EXERCISE GOAL: Please return each entry that follows exactly as given, but without pictures.

____________________

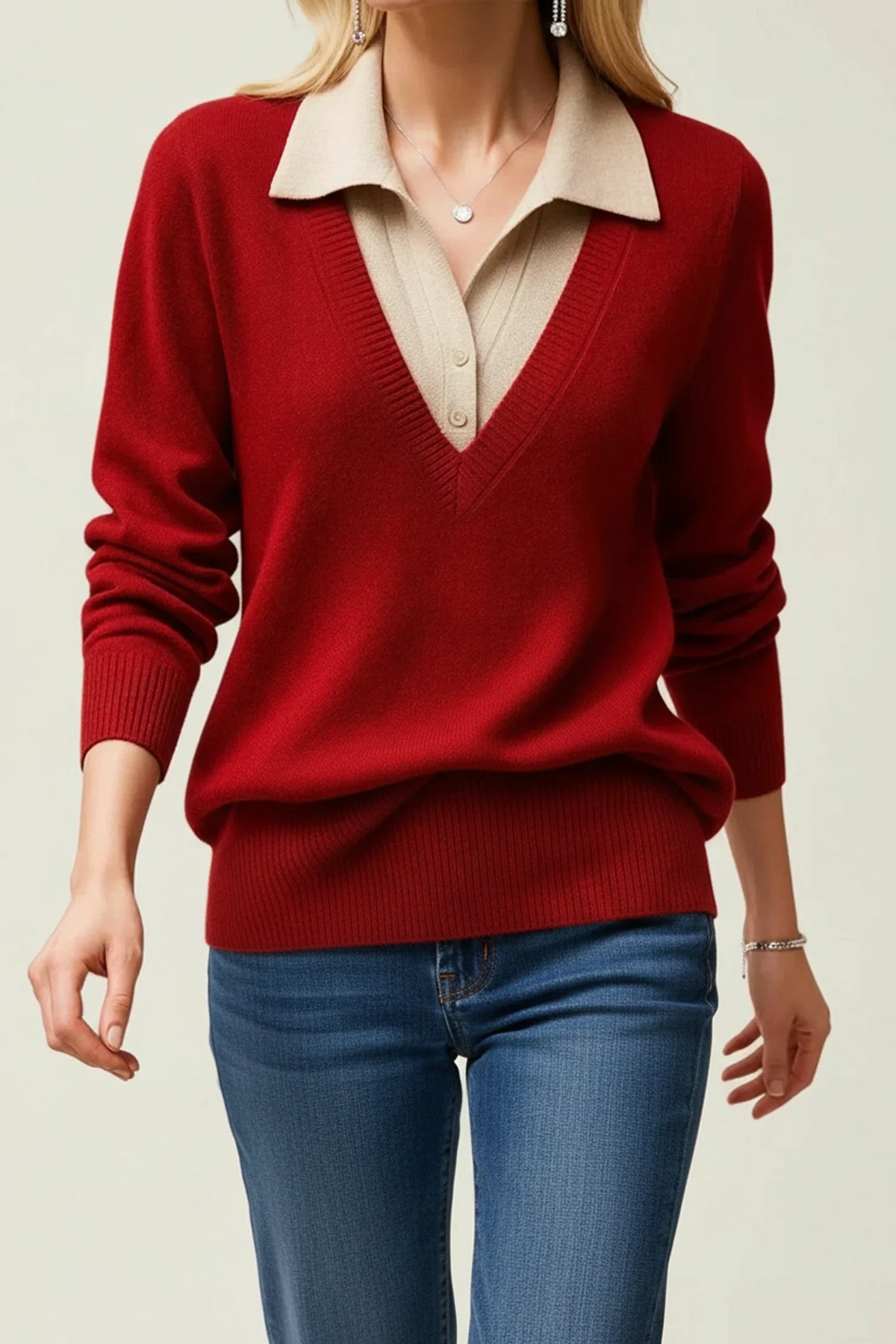 Women's ivory knit collared V-neck sweater with polished button cuff details for versatile everyday style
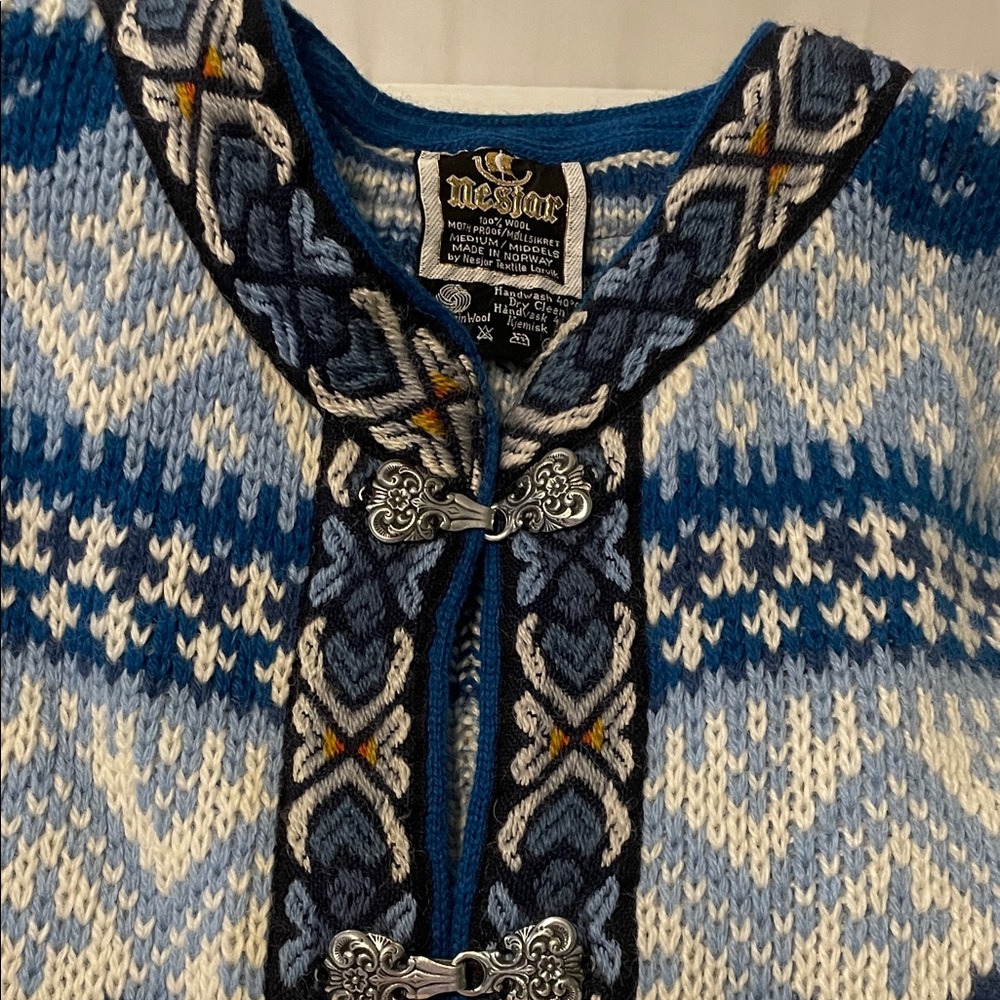 Blue and White Patterned Cardigan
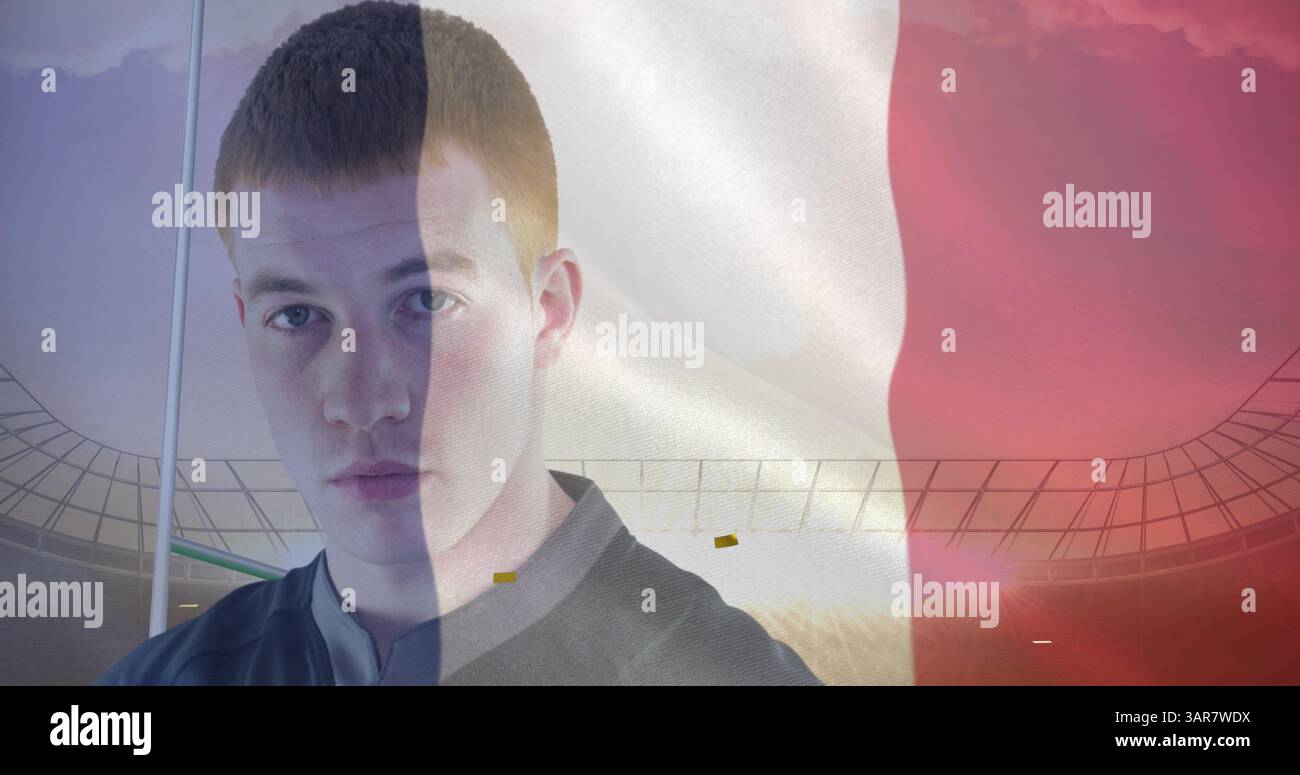 Image du drapeau de la france et des confettis sur le joueur de rugby masculin caucasien avec balle au stade Banque D'Images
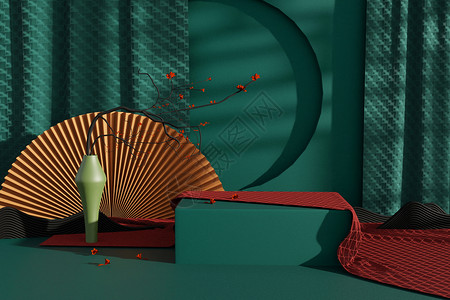 丹顶鹤和梅花blender中式国潮风场景设计图片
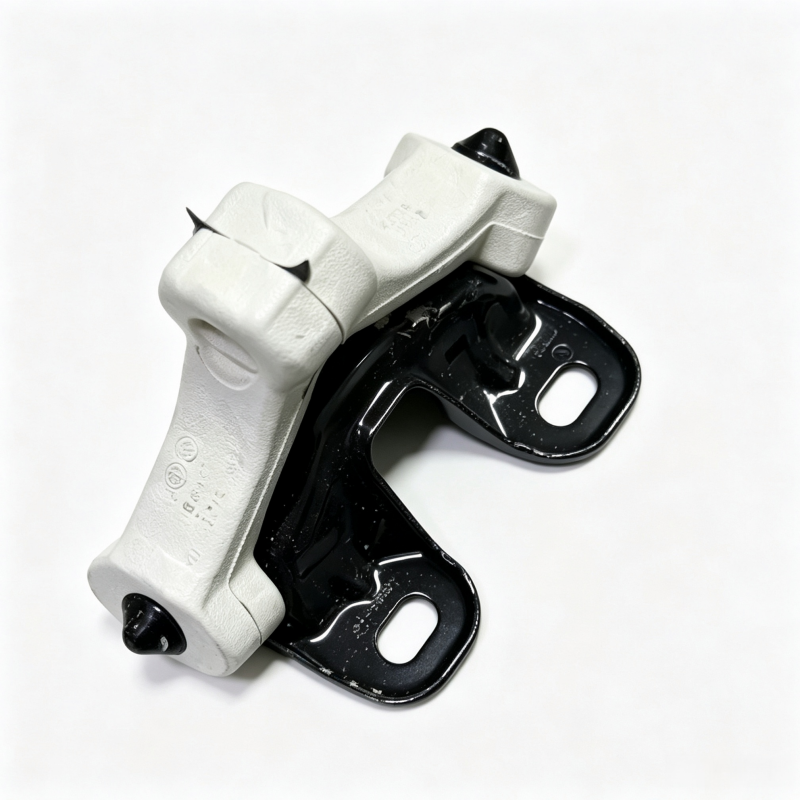 Angled exhaust hanger rubber mount with black rubber insulators on white bracket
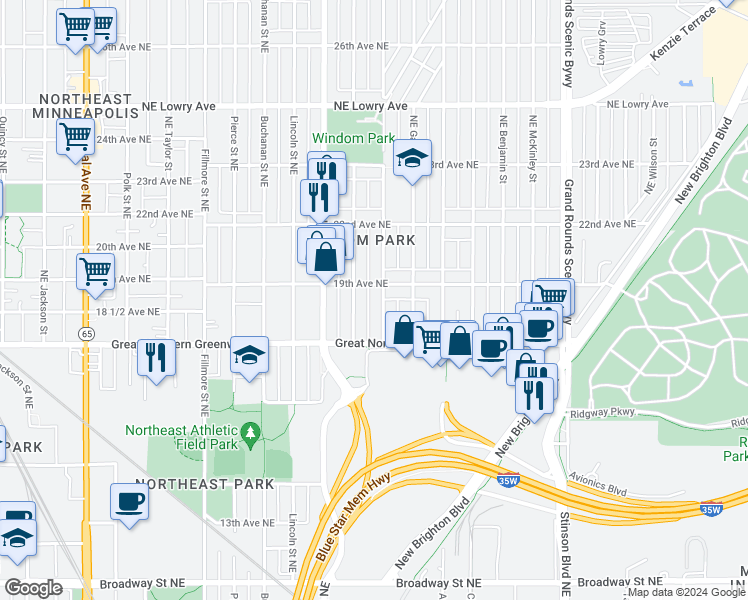 map of restaurants, bars, coffee shops, grocery stores, and more near 1849 Ulysses Street Northeast in Minneapolis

____________________

YOUR SOLUTION:
 Women's ivory knit collared V-neck sweater with polished button cuff details for versatile everyday style
 Blue and White Patterned Cardigan
 Image du drapeau de la france et des confettis sur le joueur de rugby masculin caucasien avec balle au stade Banque D'Images
 丹顶鹤和梅花blender中式国潮风场景设计图片
 Angled exhaust hanger rubber mount with black rubber insulators on white bracket
 map of restaurants, bars, coffee shops, grocery stores, and more near 1849 Ulysses Street Northeast in Minneapolis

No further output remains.